Fig. 5. — Anti-VEGF-induced changes of blood lipids, glucose and insulin. (A) Serum levels of triglyceride, nonesterified fatty acids (NEFAs), glycerol, and cholesterol in anti-VEGF- and vehicle-treated 1-, 7-, and 15-mo-old mice (10–18 samples in duplicates per group). (B) Fasting serum levels of insulin and glucose of anti-VEGF- and vehicle-treated 1-, 7-, and 15-mo-old mice (10–18 samples in duplicates per group). (C) Homeostatic model assessment of insulin resistance (HOMA-IR) was calculated using the following formula: serum glucose × serum insulin/22.5. HOMA-IR was calculated based on values presented in B (10–18 samples in duplicates per group). (D) Insulin tolerance test in vehicle- and anti-VEGF-treated 1-mo-old mice (n = 10). Left panel shows basal serum levels of fasting glucose before insulin injection. These basal values were used to normalize the values measured at various time points presented in the right panel. (E) Insulin tolerance test in vehicle- and anti-VEGF-treated 7-mo-old mice (n = 12). (*Left*) Basal serum levels of fasting glucose before insulin injection. (*Right*) These basal values were used to normalize the values measured at various time points. (F) Insulin tolerance test in vehicle- and anti-VEGF-treated 15-mo-old mice (n = 15). (*Left*) Basal serum levels of fasting glucose before insulin injection. (*Right*) These basal values were used to normalize the values measured at various time points. (G) Body weight and BMI of anti-VEGF- and vehicle-treated HFD-fed mice (n = 10). (H) Weight of scWAT and epiWAT of vehicle- and anti-VEGF-treated HFD-fed mice (n = 10). (I) Fasting serum levels of insulin and glucose of anti-VEGF- and vehicle-treated HFD-fed mice (10 samples in duplicates per group). (J) HOMA-IR was calculated based on values presented in B (10 samples in duplicates per group). (K) Insulin tolerance test of vehicle- and anti-VEGF-treated HFD-fed mice. *P < 0.05, **P < 0.01, ***P < 0.001.

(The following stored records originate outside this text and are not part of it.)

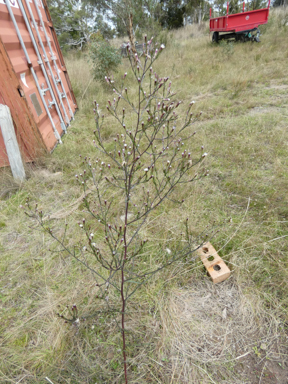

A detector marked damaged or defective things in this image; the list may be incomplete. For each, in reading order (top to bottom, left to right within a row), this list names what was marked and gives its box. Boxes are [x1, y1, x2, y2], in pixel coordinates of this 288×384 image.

rusty shipping container [0, 0, 77, 168] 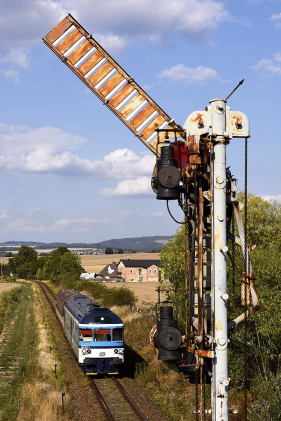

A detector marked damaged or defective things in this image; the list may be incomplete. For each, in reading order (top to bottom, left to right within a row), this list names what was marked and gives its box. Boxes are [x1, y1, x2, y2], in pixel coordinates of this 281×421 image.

rusty signal blade [42, 14, 185, 156] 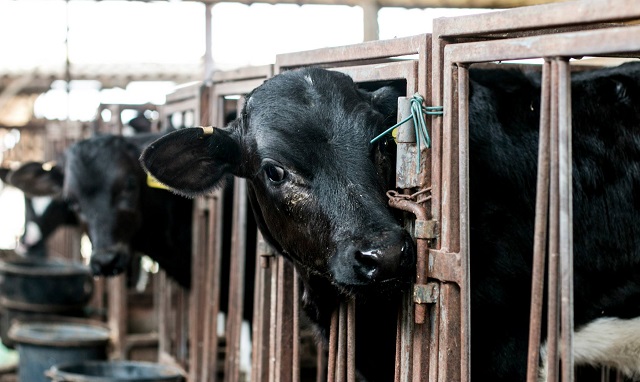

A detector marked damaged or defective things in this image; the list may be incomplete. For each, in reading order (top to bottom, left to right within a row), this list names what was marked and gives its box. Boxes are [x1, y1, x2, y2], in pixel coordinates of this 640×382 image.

rusty gate [151, 0, 640, 382] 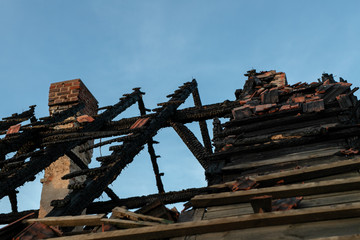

To validate the impact of anti-VEGF treatment on insulin sensitivity, we performed an insulin tolerance test. One-month-old and 15-mo-old mice showed significantly increased levels of glucose clearance after anti-VEGF treatment (Fig. 5 D and F), supporting the finding that inhibition of VEGF increased insulin sensitivity. In contrast, anti-VEGF treatment did not alter glucose clearance in 7-mo-old mice (Fig. 5E), indicating that midaged mice were resistant to anti-VEGF-induced insulin sensitivity. These data demonstrate that different age groups responded differentially to anti-VEGF treatment.

Because VEGF has been reported to recruit inflammatory macrophages, it is possible that anti-VEGF treatment would affect inflammatory cells in the adipose tissues. We analyzed inflammatory cells and found that the total population of inflammatory macrophages was not altered in anti-VEGF-treated epiWAT apart from a slight increase in the 15-mo group (Fig. S5 A and B). Expression of the inflammatory cytokine TNF-α in the epiWAT of anti-VEGF-treated mice was significantly increased in the 15-mo group whose insulin sensitivity was improved by anti-VEGF treatment (Fig. 5 B, C, and F and Fig. S5C). Because inflammatory macrophages and cytokines contribute to insulin resistance (2), it is unlikely that increase of macrophages would contribute to anti-VEGF-induced insulin sensitivity. Furthermore, anti-VEGF treatment did not alter microvessel density in the skeletal muscle tissue (Fig. S5D), suggesting that it is unlikely that this glucose-uptake organ would be responsible for anti-VEGF-improved insulin sensitivity.

To investigate whether anti-VEGF treatment would improve insulin sensitivity in obese mice, we treated 7-mo-old obese mice fed a high-fat diet (HFD). Anti-VEGF treatment significantly reduced body weight and BMI in HFD-obese mice (Fig. 5G). It seemed that body weight loss was due to loss of adipose tissues, because scWAT and epiWAT mass in anti-VEGF-treated obese mice were significantly less than in vehicle-treated control mice (Fig. 5H). These findings indicate that inhibition of VEGF prevents HFD-induced obesity development. Anti-VEGF treatment reduced serum insulin and glucose levels, resulting in marked improvement of insulin sensitivity (Fig. 5 I and J). Similarly, insulin tolerance test showed that anti-VEGF-treated obese mice exhibited markedly increased glucose clearance (Fig. 5K), indicating improved insulin sensitivity in HFD-induced obesity. It is unlikely that alterations of inflammatory macrophages in anti-VEGF-treated WAT are responsible for improvement of insulin sensitivity because macrophage numbers in epiWAT of treated obese mice were not significantly altered (Fig. S5 A and B). Inflammatory cytokines including IL-6 and TNF-α were significantly increased in anti-VEGF-treated epiWAT of HFD-fed obese mice (Fig. S5C). Consistent with improvement of insulin sensitivity, adipocyte sizes of scWAT and epiWAT were significantly smaller in anti-VEGF-treated mice (Fig. 6 B and C). Interestingly, VEGF levels were nearly identical in scWAT and epiWAT of HFD-fed mice (Fig. 6A). Adipose microvessel density was significantly reduced in anti-VEGF treated HFD-fed mice (Fig. 6 B, D, and E). Of note, anti-VEGF treatment induced vascular regression in epiWAT of HFD-fed animals (Fig. 6E). These findings imply that obese individuals may potentially benefit more from anti-VEGF therapy because visceral WAT is primarily linked to development of type 2 diabetes and cardiovascular disease.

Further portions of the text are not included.